The paper I'll discuss briefly in this post is this one: Molten uranium dioxide structure and dynamics. (Skinner et al Science Vol. 346, Issue 6212, pp. 984-987 (2014))

The famous "Elephants Foot" produced by the melting of the Chernobyl nuclear reactor in 1986 consists of a mixture of steel graphite, silicates produced by melting concrete and about 10% uranium dioxide which also melted during the event.

The thing has been photographed, even though a range of a meter, the exposure to radiation emitted by it will be fatal in about 5 minutes.

Here's the photograph:

I hope that guy in the picture didn't stay there very long.

The photograph is grainy because the film was being exposed to radiation when the picture was taken.

I personally am interested in what happens when nuclear fuels in a liquid state, since liquid nuclear fuels whether in solution, such as being explored in various kinds of "molten salt" reactors, or (more to my interest) liquid metal fuels, particularly low melting eutectics made using the remarkable properties of plutonium offer certain advantages that solid phase fuels cannot match. One value of these nuclear fuels is that they allow for on line in process separation of fission products. This is, by the way, what happened at Chernobyl. Much of the cesium and other volatile fission products boiled away, contaminating a large area. It is seldom noted that this kind of thing can also be contained, thus lowering the available inventory of fission products for leaking into the environment, while recovering valuable radioactive elements including, but not limited to, radioactive cesium. Radioactive cesium, like many other fission products, utilized in a controlled way, can solve many intractable chemical pollution problems in air and water.
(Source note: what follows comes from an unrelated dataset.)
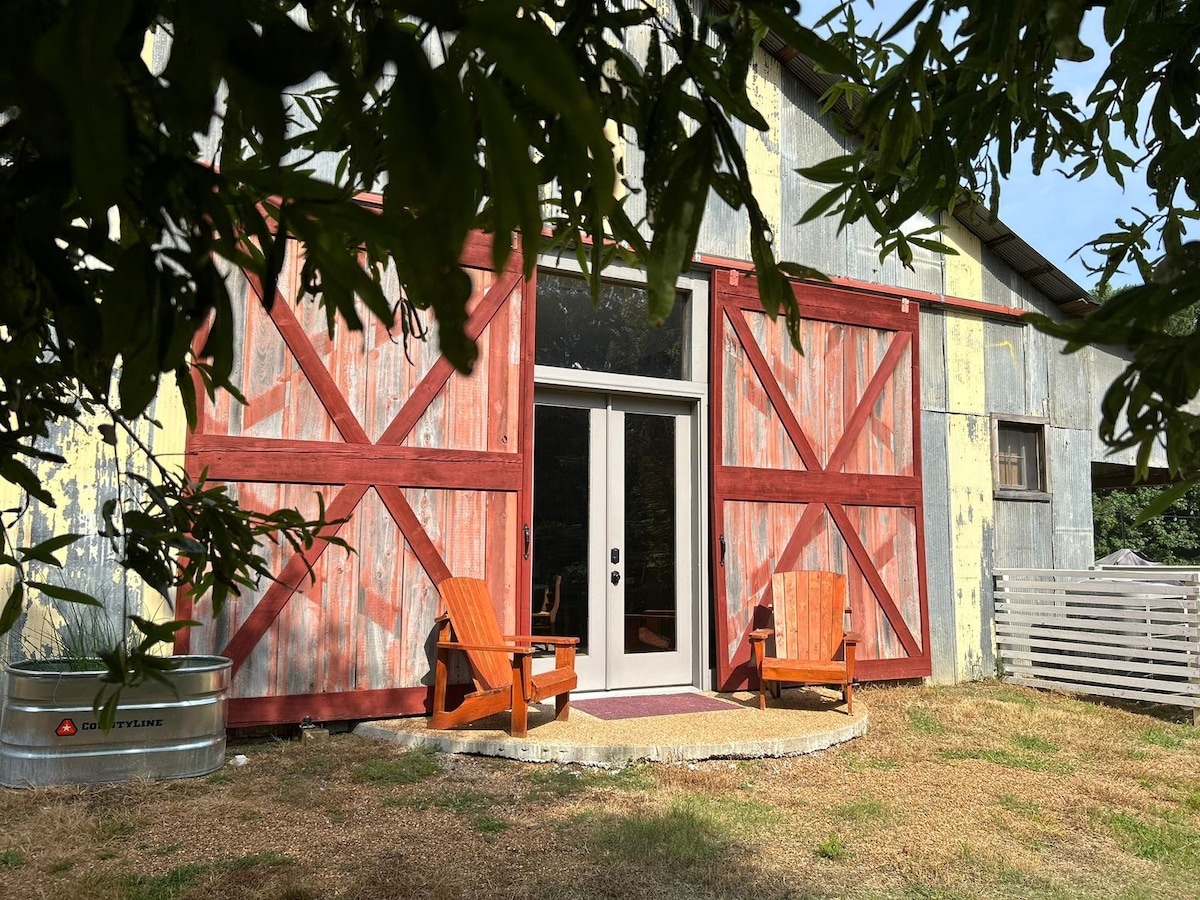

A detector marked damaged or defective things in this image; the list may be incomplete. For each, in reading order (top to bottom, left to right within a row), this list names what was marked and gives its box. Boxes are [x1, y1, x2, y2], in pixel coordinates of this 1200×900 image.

peeling yellow paint on wall [744, 49, 782, 247]
peeling yellow paint on wall [940, 217, 979, 303]
peeling yellow paint on wall [945, 412, 993, 681]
Some time back, in this space, I offered a long involved "thought experiment" showing how the use of radioactive cesium to clean up the air might work: A Scientific Rationale For Pursuing New Immobilization Forms For So Called "Nuclear Waste."

Uranium dioxide has an extremely high melting point, thought to be around 2,865C. Precise measurements are difficult to obtain, since the hot oxide will interact with the materials containing it, reducing the purity of the sample while destroying the container, as happened at Chernobyl.

To avoid this problem, the authors of this paper, which was designed to utilized a very innovative approach. They "levitated" the sample in a stream of flowing (unreactive) argon gas. From the paper's supplementary information:

The aerodynamic levitation method involves floating of the sample on a on a 99.999% purity Ar gas stream inside an Ar filled chamber (21). The sample is then heated from above using a 400W CO2 laser (Synrad Firestar i401). Temperature was measured at the top of the sample using a Chino IR-CAS pyrometer (0.7-0.9 μm waveband). The liquid UO2 emissivity value of 0.84±0.03 was used in the temperature correction (2) and the error in temperature is estimated to be ~2-3% due to a combination of temperature gradients in the upper part of the sample and chamber window transparency corrections. A brass sheet was placed in front of the area detector to absorb any uranium fluorescence (L-edge ~20keV), while passing >80% of the elastically scattered x-rays (standard corrections were used for attenuation).

Their goal was to learn about the structure of molten uranium dioxide.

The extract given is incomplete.